JAKARTA, Indonesia - Researchers in a remote Indonesian jungle have discovered a tiny possum and a giant rat that is about five times the size of a typical city rat, scientists say.

Unearthing new species of mammals in the 21st century is considered rare. The discoveries by a team of American and Indonesian scientists, announced Monday, are being studied further to confirm their novelty.

The animals were found in the Foja mountains rain forest in eastern Papua province in a June expedition, said U.S.-based Conservation International, which organized the trip in the Southeast Asian nation along with the Indonesian Institute of Science.

"The giant rat is about five times the size of a typical city rat," said Kristofer Helgen, a scientist with the Smithsonian Institution in Washington. "With no fear of humans, it apparently came into the camp several times during the trip."

The possum was described as "one of the world's smallest marsupials."

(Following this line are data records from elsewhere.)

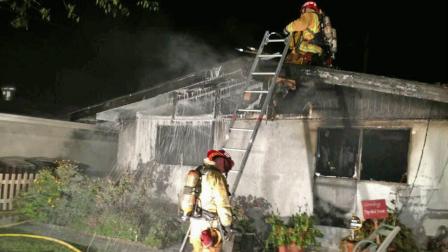 Firefighters battle a house fire near Stanton in Orange County in this April 2013 photo.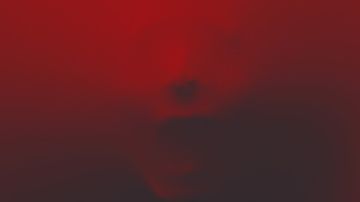 A face pressing against a translucent red surface, creating a distorted and eerie appearance.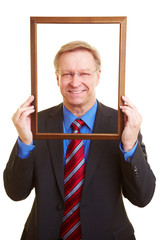 Manager hinter Rahmen
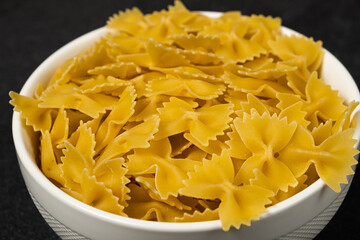 Raw Cavatappi Cellentani pasta in a plate isolated on dark background top view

A 2006 expedition to the same stretch of jungle - dubbed by Conservation International as a "Lost World" because until then humans had rarely visited it - unearthed scores of exotic new species of palms, butterflies and palms.

Papua has some of the world's largest tracts of rain forest, but like elsewhere in Indonesia, illegal logging is ravaging the land. Scientists said last year that the Foja area was not under immediate threat, largely because it was so remote.

"It's comforting to know that there is a place on Earth so isolated that it remains the absolute realm of wild nature," said expedition leader Bruce Beehler.